Protecting People, Property and Information

Protecting People, Property and Information

Asset Protection program evolves as technology changes

| By: Daley-Hinkens, Carmelyn M

Having been trained in such areas as private investigations, cybersecurity and asset protection technology, graduates of FVTC's Asset Protection program are in high demand. The associate degree program is the only one of its kind in Wisconsin. It can be completed fully online or through a combination of online and in-person classes.

Aaron Zemlock, department chair of Asset Protection, was recently interviewed by Hayley Tenpas during WHBY's Focus on Careers segment. Aaron shares what kinds of positions are available for Asset Protection graduates and why--more than ever--our grads are coveted in the workforce.

Listen to Aaron and Hayley's conversation by clicking on the video or you can read the transcript of the conversation below.


Tenpas: Welcome back to Focus Fox Valley on WHBY. It’s time now for our Focus on Careers an opportunity to highlight careers of promise and the education offered at Fox Valley Technical College. Today, we’re learning more about the Asset Protection Program, which is part of the Criminal Justice program at Fox Valley Technical College. And Aaron Zemlock joins us, an instructor in the Criminal Justice program but also department chair specifically for Asset Protection. So he knows what he's talking about. Hi, Aaron. How are you? Good, Hayley. How are you? Good to see you. Okay. So we're going to talk a lot about this program today, but first, a little on your background. How did you become an instructor and get connected to Fox Valley Tech?
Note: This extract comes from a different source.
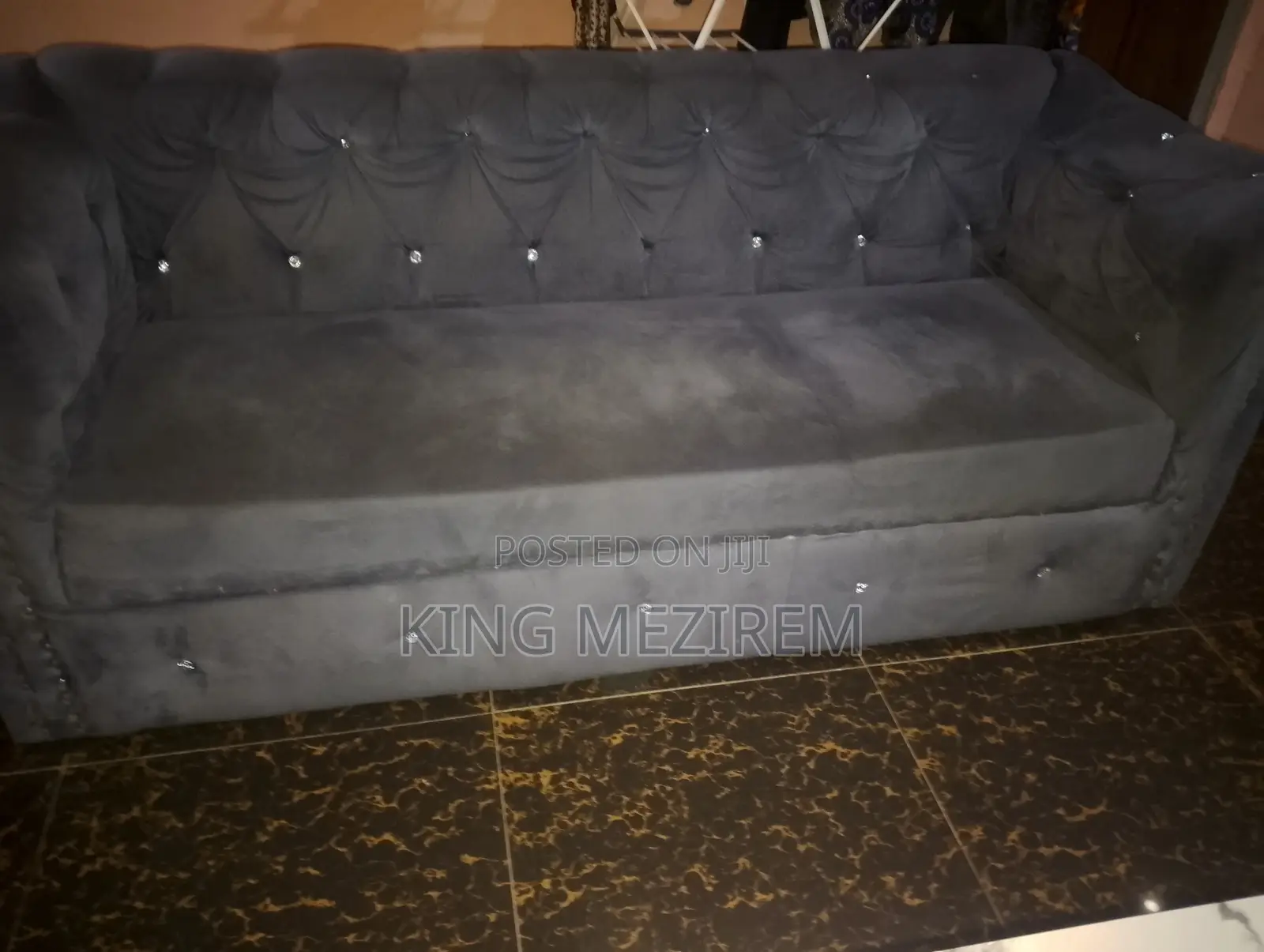 5 Seaters Couch Neatly Used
Zemlock: I was a police officer with the City of Menasha for a little over 20 years. And my last eight years or so working at the department, I worked as a community liaison and a large part of that was doing security surveys and training for businesses on threat response and those types of things. So it was kind of a natural fit, I had an opportunity to take a full-time position teaching at the college. I had been teaching as an adjunct there for five or six years prior to that, so I kind of knew what I was getting into with teaching and really looked forward to that. But that morphed into eventually taking the role of the department chair for the Asset Protection degree, which is really focusing on target hardening and security for the private sector.

Tenpas: I'm told it's a hidden gem program at Fox Valley Tech and it's an associate degree program as well. So how do you explain what this program is to college students and to the general public, like our listeners here today?

Zemlock: So it’s morphed over the years. Years ago, it was really heavily focused on kind of just the physical security aspect of alarms and locks and those types of things. And not that that's not part of it, but there's been a convergence in the security world with cybersecurity and you can't go anywhere these days without access control systems being locked into networks or, you know, Bluetooth and that kind of thing. So as it's changed, the landscape, you know, in the security world, we've kind of morphed along with it. So the program has evolved into a much more rounded program, one that focuses on not just physical security, but also dabbles in the cybersecurity world so that those who go into those professions can actually work alongside each other and understand what each other is saying.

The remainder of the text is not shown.